----- Data for processing

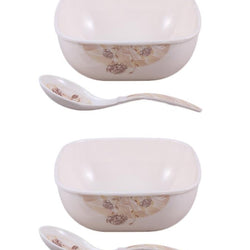 Set of 2 - Fuoco Melamine Large Serving Bowl & Serving Spoon - Hommold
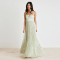 New women's fresh light green pleated jacquard camisole pleated long dress dress
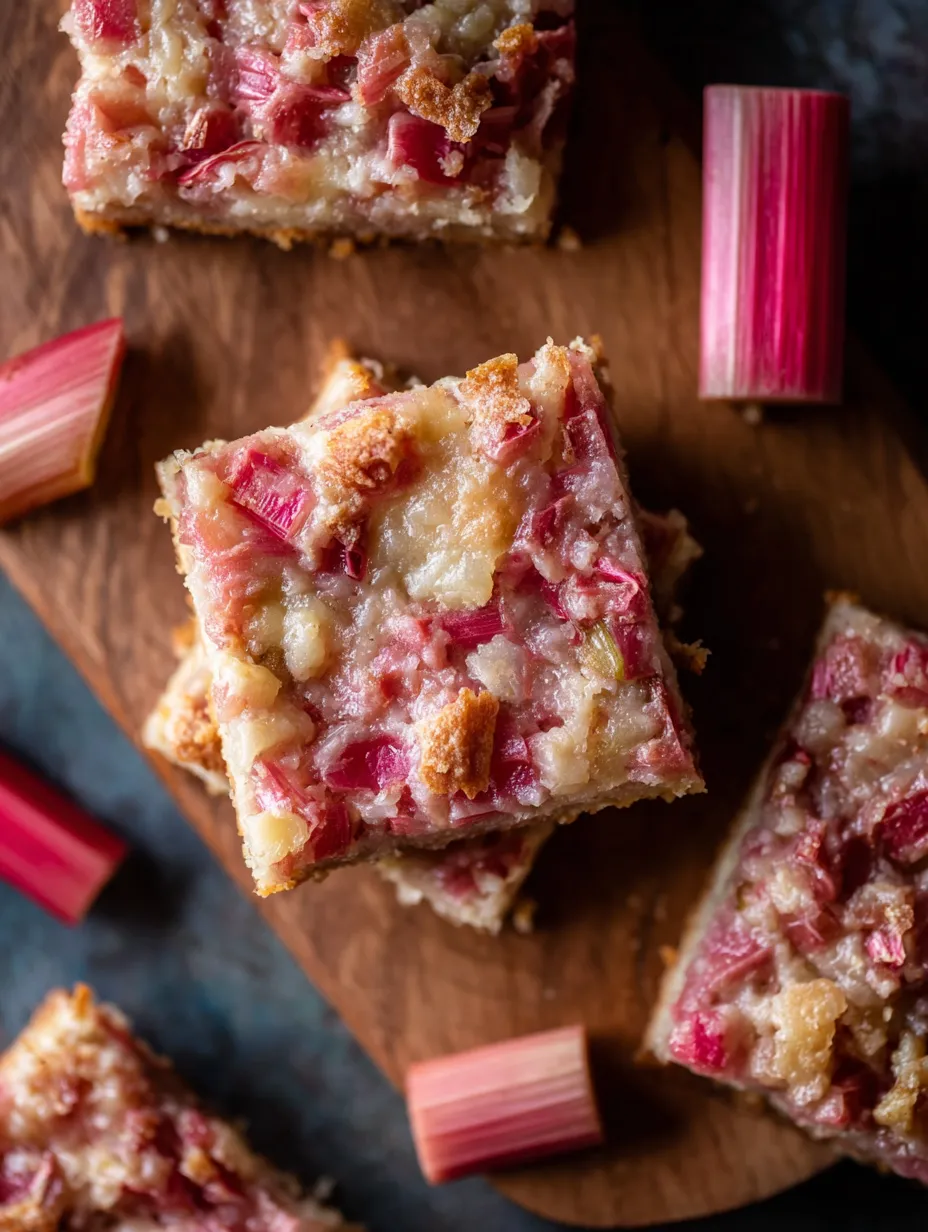 A plate full of rhubarb bars with creamy top and crisp crust.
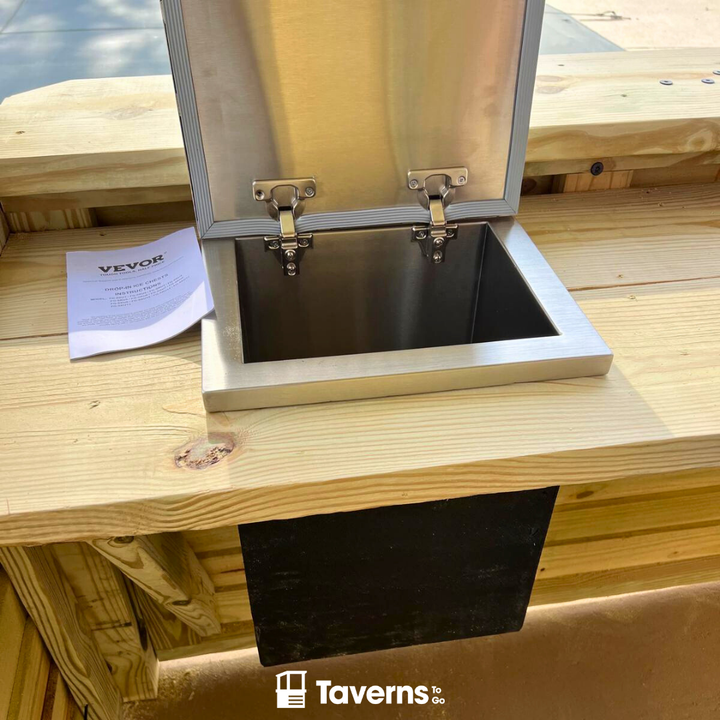 Metallic box on a wooden surface with &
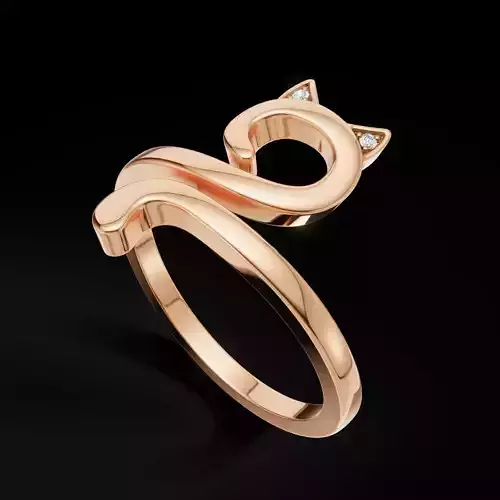 Cat Tail Wrap Ring  3D Jewelry Model with Diamond Ear Accents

----------

Task item: From the first line to the last, write out the data exactly, dropping any pictures.

Written answer:
 Set of 2 - Fuoco Melamine Large Serving Bowl & Serving Spoon - Hommold
 New women's fresh light green pleated jacquard camisole pleated long dress dress
 A plate full of rhubarb bars with creamy top and crisp crust.
 Metallic box on a wooden surface with &
 Cat Tail Wrap Ring  3D Jewelry Model with Diamond Ear Accents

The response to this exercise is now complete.